Впоследствии, как мы увидим, в связи с дуэльной драмой Фикельмон отзывается об уме Натальи Николаевны тоже довольно резко. Права ли она? Такой вопрос поставил я в первом издании книги «Портреты заговорили» и предпринял попытку коротко ответить на него. В некоторых своих суждениях я, видимо, был не прав. Личность Натальи Николаевны, как выясняется, была гораздо сложнее. И поскольку она продолжает волновать не только исследователей-пушкинистов, но и широкого читателя, необходимо рассмотреть её более подробно.
О жене поэта сейчас пишут многие, и это понятно. Как сказала ещё современница Гончаровой H. M. Еропкина, «Наталья Николаевна сыграла слишком видную роль в жизни Пушкина, чтобы можно было обойти её молчанием». Сведения о жене Пушкина до недавнего времени были очень неполными и носили большей частью весьма пристрастный характер. Отзывы современников, которым, казалось бы, необходимо доверять больше, чем кому-либо другому, на деле оказываются малоубедительными, так как они не были объективными. Трудно понять, почему так случилось, но травля Натальи Николаевны началась ещё при жизни Пушкина.
«Вообрази, что на неё, бедную, напали… — писала мужу сестра Пушкина Ольга Сергеевна Павлищева ещё в 1835 году. — Почему у неё ложа в спектакле, почему она так элегантна, когда родители её мужа в такой крайности, — словом, нашли пикантным её бранить…» Судя по всему, Пушкина очень огорчало это несправедливое отношение света к его жене. Возвратясь из Михайловского, он жаловался Осиповой: «В этом печальном положении я ещё с огорчением вижу, что моя бедная Натали стала мишенью для ненависти света».

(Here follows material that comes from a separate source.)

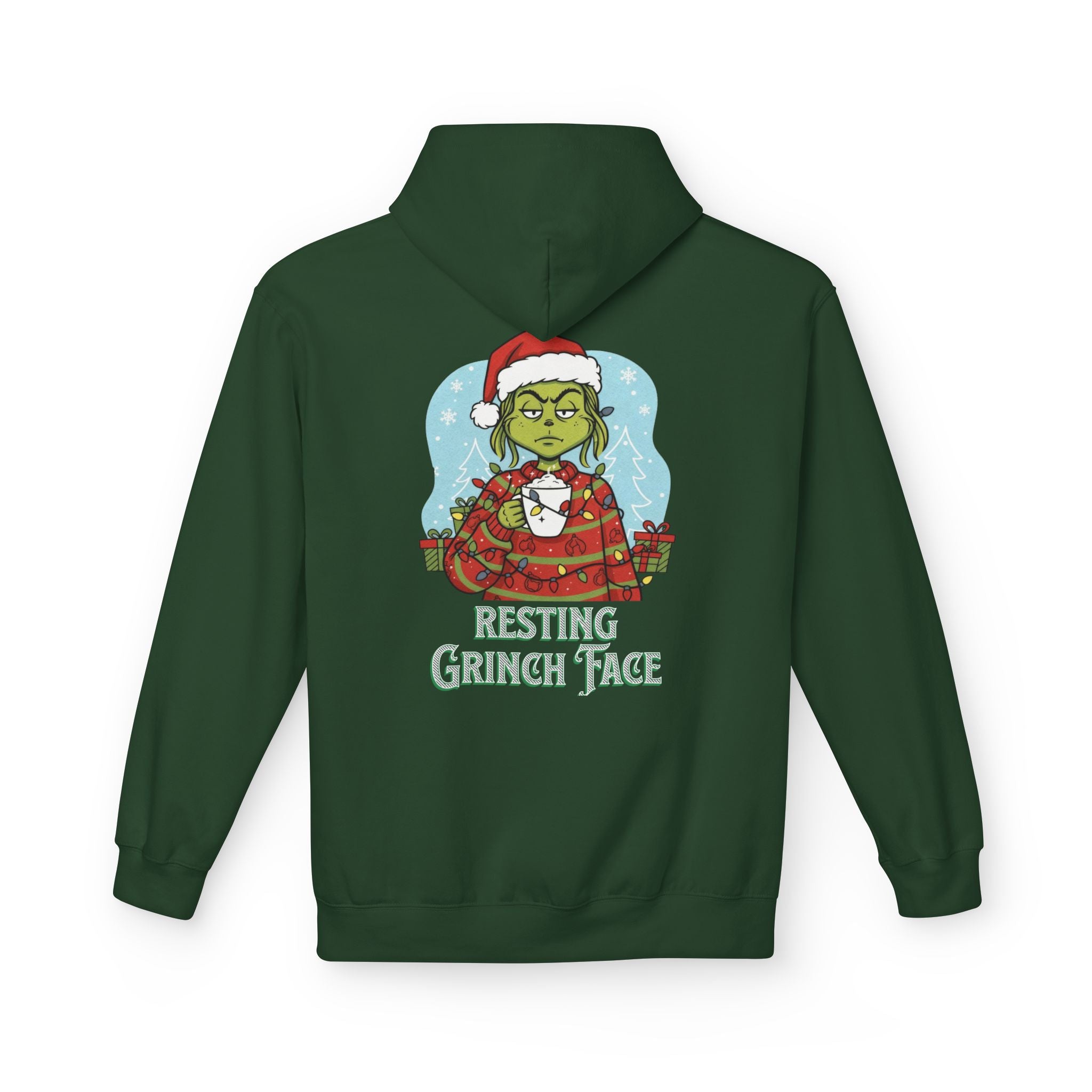 "Resting Grinch Face" Hoodie — Funny Christmas Holiday Sweatshirt Gift Stocking Stuffer 7 Colors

Бурный всплеск «ненависти света» произошёл после смерти Пушкина, как он и предвидел: «Бедная! Её заедят…» — сокрушался умирающий поэт. И затем новая волна враждебных Наталье Николаевне выступлений в печати поднялась в 1878 году, спустя почти 30 лет после её смерти, когда переданные Тургеневу младшей дочерью Пушкина Натальей Александровной Меренберг письма Пушкина к жене были опубликованы в «Вестнике Европы» (кн. I). И теперь, спустя сто лет, отдадим должное вдове поэта — кроме А. П. Керн, кажется, никто из женщин, корреспонденток Пушкина, не имел мужества полностью сохранить его письма. Некоторые, как, например, баронесса Вревская («кристалл души моей») перед смертью, несмотря на мольбы её дочери, уничтожила письма Пушкина полностью. Между тем в письмах к жене поэт порой не стеснялся в выражениях, и некоторые из этих выражений не могли быть приятны вдове поэта и она не могла не понимать, что впоследствии их могут использовать для очернения её личности. В какой-то мере в этом случае нельзя не согласиться с Араповой, когда она говорит: «… только женщина, убеждённая в своей безусловной невинности, могла сохранить (при сознании, что рано или поздно оно попадёт в печать) то орудие, которое в предубеждённых глазах могло обратиться в её осуждение».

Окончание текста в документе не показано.